FBI is investigating suspected attempts to hack mobile phones used by Democratic Party officials.

Arutz Sheva Staff,

Hackers (illustration)
Hackers (illustration)
Reuters

The FBI is investigating suspected attempts to hack mobile phones used by Democratic Party officials as recently as the past month, people with direct knowledge of the attack and the investigation told Reuters on Tuesday.

The revelation underscores the widening scope of the U.S. criminal inquiry into cyber attacks on Democratic Party organizations, including the presidential campaign of its candidate, former U.S. secretary of state Hillary Clinton.

U.S. officials have said they believe those attacks were orchestrated by hackers backed by the Russian government, possibly to disrupt the November 8 election in which Clinton faces Republican Party candidate Donald Trump. Russia has dismissed the allegations.

The more recent attempted phone hacking also appears to have been conducted by Russian-backed hackers, two people with knowledge of the situation told Reuters.

FBI representatives had no immediate comment, and a Clinton campaign spokesman said they were unaware of the suspected phone hacking.

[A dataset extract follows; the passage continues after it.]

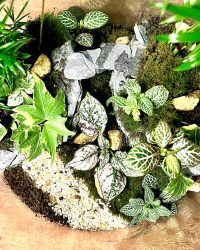 Terrarium végétal artisanal en verre fermé avec plantes naturelles by l'Atelier Végétal de Lulu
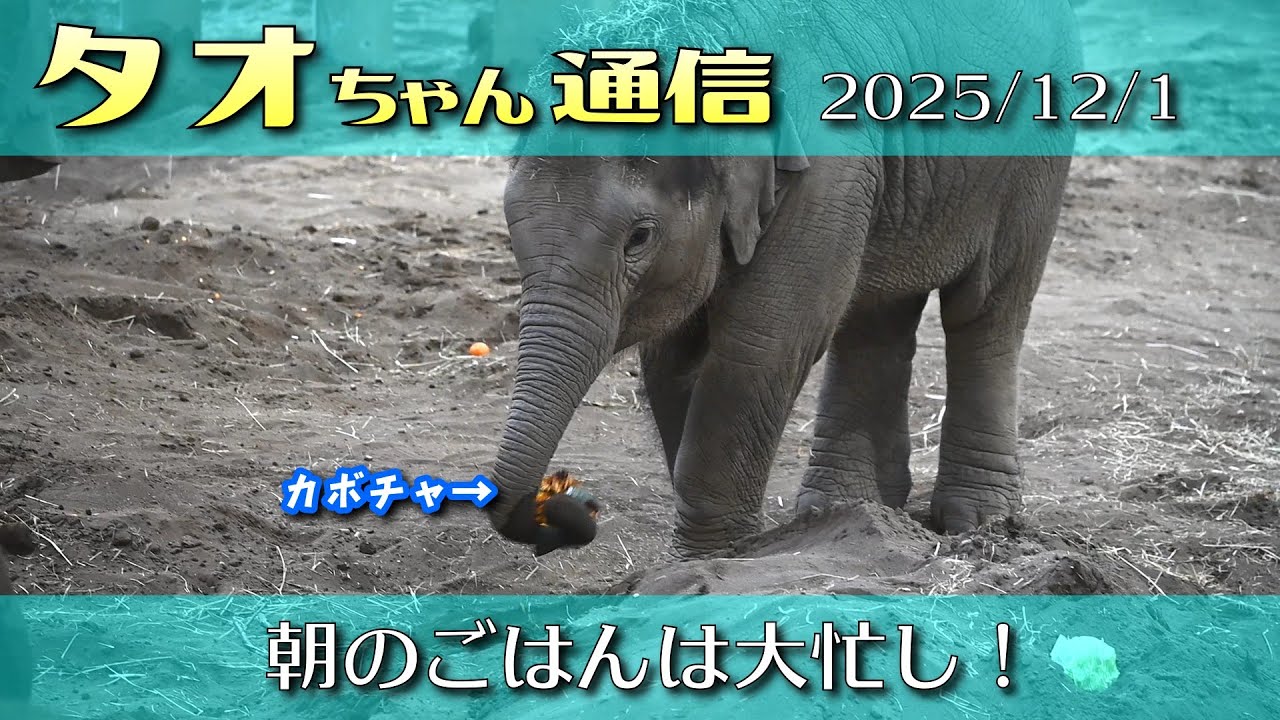 タオちゃん通信 2025/12/1(1) 朝のごはんは大忙し！ #円山動物園 #アジアゾウ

The Democratic National Committee (DNC) did not respond to a request for comment, and the Democratic Congressional Campaign Committee (DCCC) had no immediate response.

The FBI is already investigating a previous hacking of DNC computers, which was followed by 20,000 emails being published and showing a DNC favorable to Clinton over Bernie Sanders.

The leak led DNC chairwoman Debbie Wasserman Schultz to announce her resignation before she bowed out of the convention altogether.

According to Tuesday’s report, FBI agents had approached a small number of Democratic Party officials to discuss concerns their mobile phones may have been compromised by hackers.

It was not clear how many people were targeted by the hack or whether they included members of Congress, a possibility that could raise additional security concerns for U.S. officials.

If they were successful, hackers could have been able to acquire a wide range of data from targeted cell phones, including call data, text messages, emails, photos and contact lists, one person with knowledge of the situation told Reuters.

U.S. investigators are looking into whether hackers used data stolen from servers run by Democratic organizations or the private emails of their employees to get access to cell phones, one person said.

Clinton said during Monday's presidential debate there was "no doubt" Russia has sponsored hacks against "all kinds of organizations in our country" and mentioned Russian President Vladimir Putin by name.

"Putin is playing a really tough, long game here. And one of the things he's done is to let loose cyber attackers to hack into government files, to hack into personal files, hack into the Democratic National Committee," Clinton said.

Trump countered by noting that there was no definitive proof that Russia had sponsored the hacks of Democratic organizations.

"I don't think anybody knows it was Russia that broke into the DNC," he said. "It could be Russia, but it could also be China. It could also be lots of other people."